Maka dari itu, Wisnu menegaskan bahwa kasus Munir sebagai babak baru bagi perjuangan penegakan HAM di Indonesia. Penetapan sebagai kasus pelanggaran HAM berat sekaligus sebagai jaminan bagi para pegiat HAM setelah Munir. Selama ini, para pegiat HAM yang melakukan pendampingan pada kasus-kasus HAM di masyarakat kurang mendapat perlindungan dari negara.
“Bagi saya sendiri yang secara personal aktif di LBH Bandung, jadi memunculkan tidak ada jaminan untuk mengerjakan kerja-kerja pembela HAM khususnya di masyarakat,” katanya.
Wisnu mengingatkan bahwa kasus Munir tidak bisa hanya melihat peristiwa pembunahannya. Ada konteks penting yang melatarbelakanginya, yakni dugaan keterlibatan negara.
“Masalah [konteks] apa yang Munir dampingi sampai dia harus dibunuh. Dari banyak kasus [yang Munir dampingi] erat kaitannya dengan konflik militer,” katanya.
Baca Juga: Haris Azhar dan Fatia Maulidiyanti Tersangka Pencemaran Nama Baik Luhut Binsar Panjaitan
Catatan YLBHI Terkait Narasi Presisi Polri dan Langgengnya Pelanggaran HAM
Tiga Beasiswa dari STH Indonesia Jentera bagi Pegiat HAM
Kalangan Akademik Berbicara Kasus Munir
Kalangan akademik menilai bahwa kasus Munir merupakan pelanggaran HAM berat. Mereka menilai kasus pembunuhan Munir disusun secara sistematis dan melibatkan aparatur negara.

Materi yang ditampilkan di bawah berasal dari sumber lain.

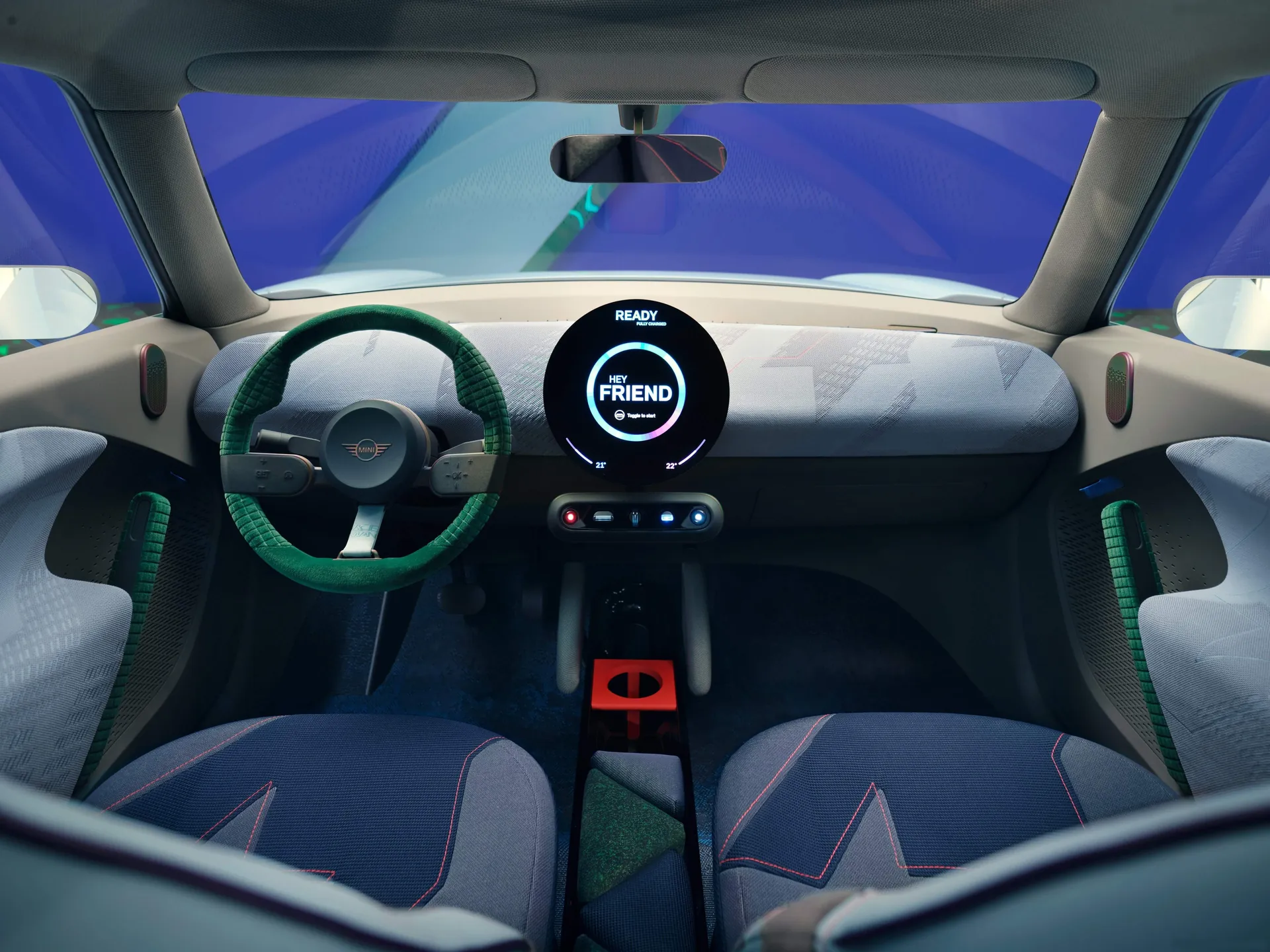 Mini Aceman Concept (2022) – interiér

“Jangan perlakukan ini sebagai kasus pembunuhan yang tidak ada konteks. Sejatinya pembunuhan berencana terhadap Munir dengan segala kemufakatan jahatnya adalah pelanggaran HAM berat,” kata Bivitri Susanti, akademisi STHI Jentera.
“Kasus pembunuhan Munir bukan sekadar peristiwa pembunuhannya, ada elemen widespread dan systemic attack. Sistematik karena terencana, ada struktur kekuasaan yang bekerja dan purposive. Meluas karena di-set minimum untuk memastikan bahwa sekalipun korbannya sedikit tapi dihasilkan dari proses yang sistematis,” kata Herlambang W, FH UGM.

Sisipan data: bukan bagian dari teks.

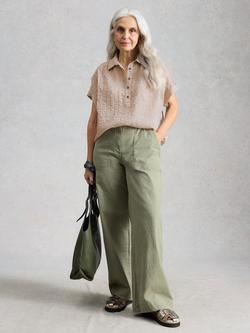 White Stuff Orla Stripe Boxy Shirt, Multi, Multi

“Pembunuhan Munir itu bukan hal yang sederhana. Sangat terlihat pelanggaran HAM beratnya. Apalagi dilakukan secara sistematis dan melibatkan unsur negara sebagai pelaku. Hingga saat ini, sangat terlihat ketiadaan kemampuan dan kemauan negara untuk menyelesaikannya dengan mekanisme yang ada. Tagihan ke negara menjadi berat dan karenanya harus ada upaya negara untuk menerobos ketiadaaan penyelesaian tersebut,” kata Zainal Arifin M, FH UGM.
Pejuang HAM, Munir, meninggal diracun saat penerbangan dengan pesawat Garuda GA-974 menuju Amsterdam, Belanda. Pada 7 September 2004, kabar kematian Munir sudah merebak di tanah air. Dalam kasus ini, pengadilan telah memutuskan kru Garuda, Polly Carpus Budihari Priyanto, sebagai terpidana. Namun hingga kini negara belum bisa mengungkap sosok-sosok yang memerintahkan Polly Carpus Budihari Priyanto.